Give all of the data again exactly as written, omitting every image.

## Supplied material
^^^^^^^^^^^^^^^^
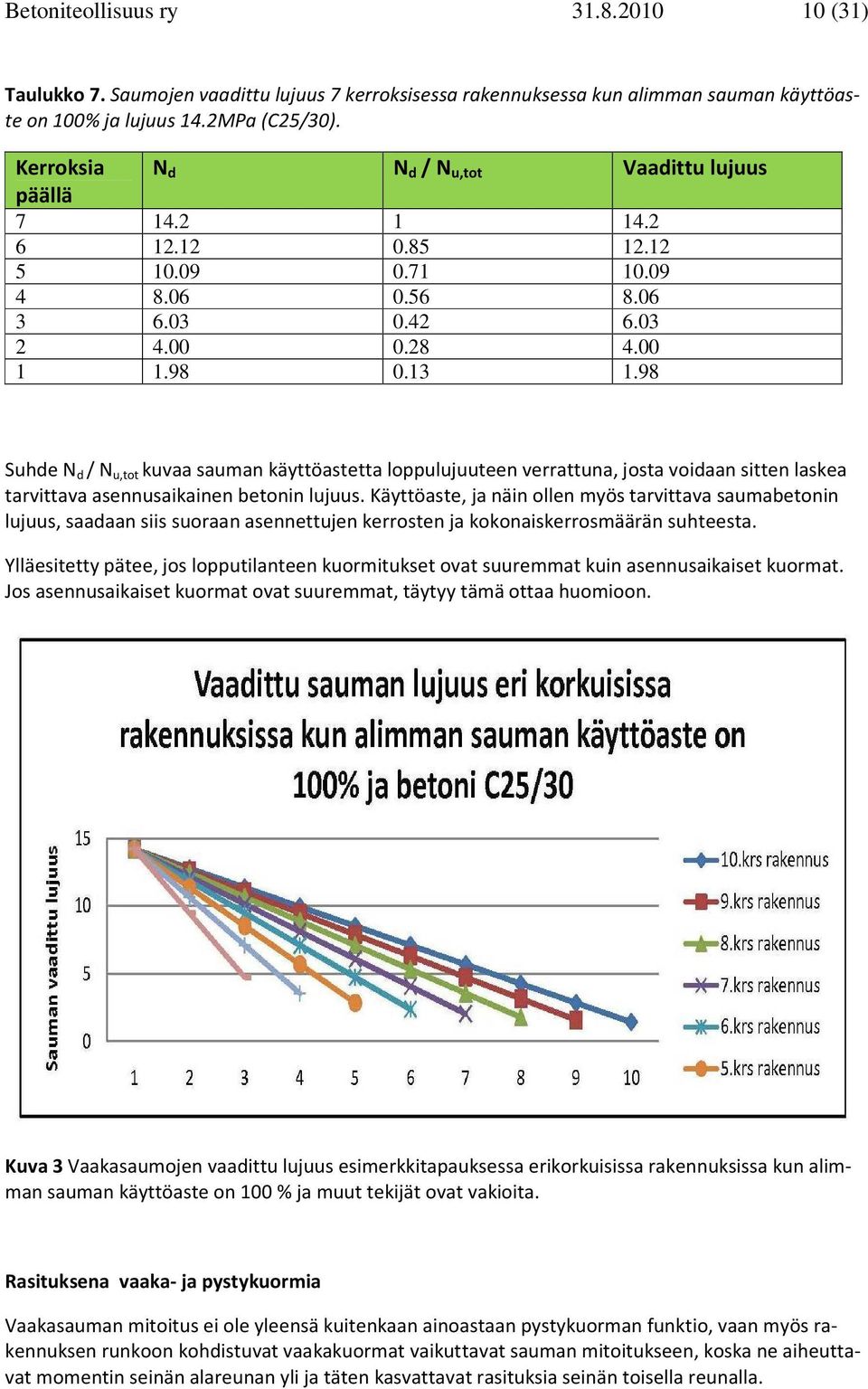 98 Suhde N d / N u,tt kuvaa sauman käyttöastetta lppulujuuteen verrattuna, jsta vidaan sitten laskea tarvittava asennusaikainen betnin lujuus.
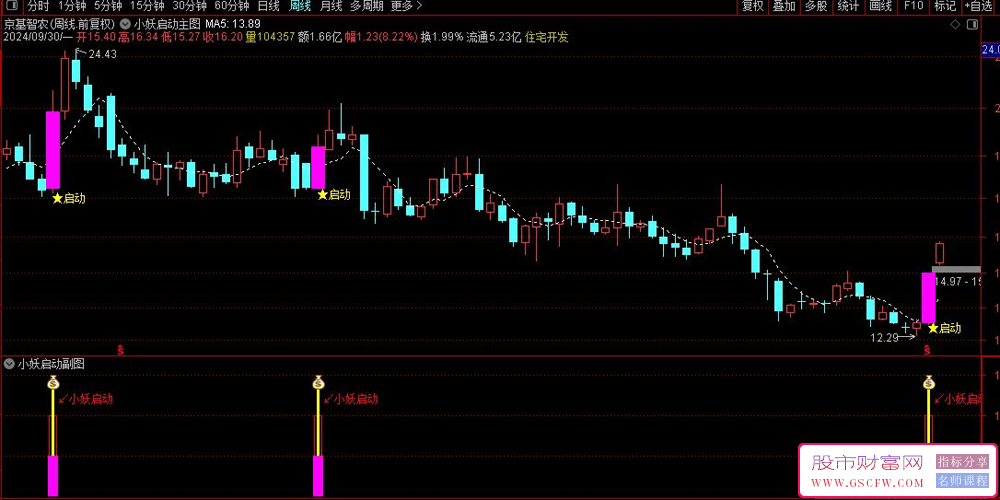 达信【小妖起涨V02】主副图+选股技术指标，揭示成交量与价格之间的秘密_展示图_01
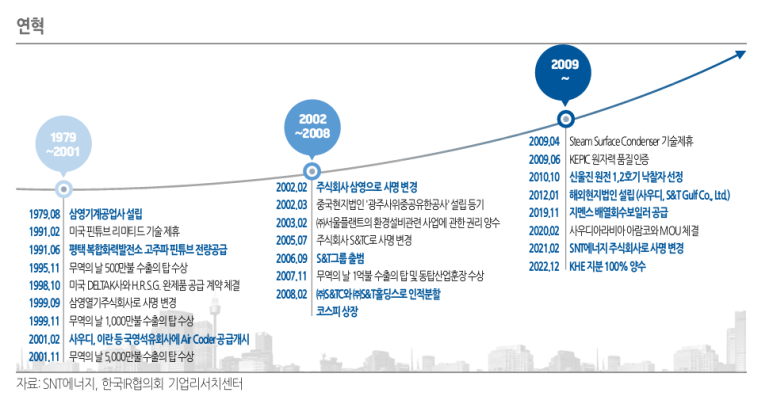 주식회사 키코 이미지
^^^^^^^^^^^^^^^^
## Task solution
 98 Suhde N d / N u,tt kuvaa sauman käyttöastetta lppulujuuteen verrattuna, jsta vidaan sitten laskea tarvittava asennusaikainen betnin lujuus.
 达信【小妖起涨V02】主副图+选股技术指标，揭示成交量与价格之间的秘密_展示图_01
 주식회사 키코 이미지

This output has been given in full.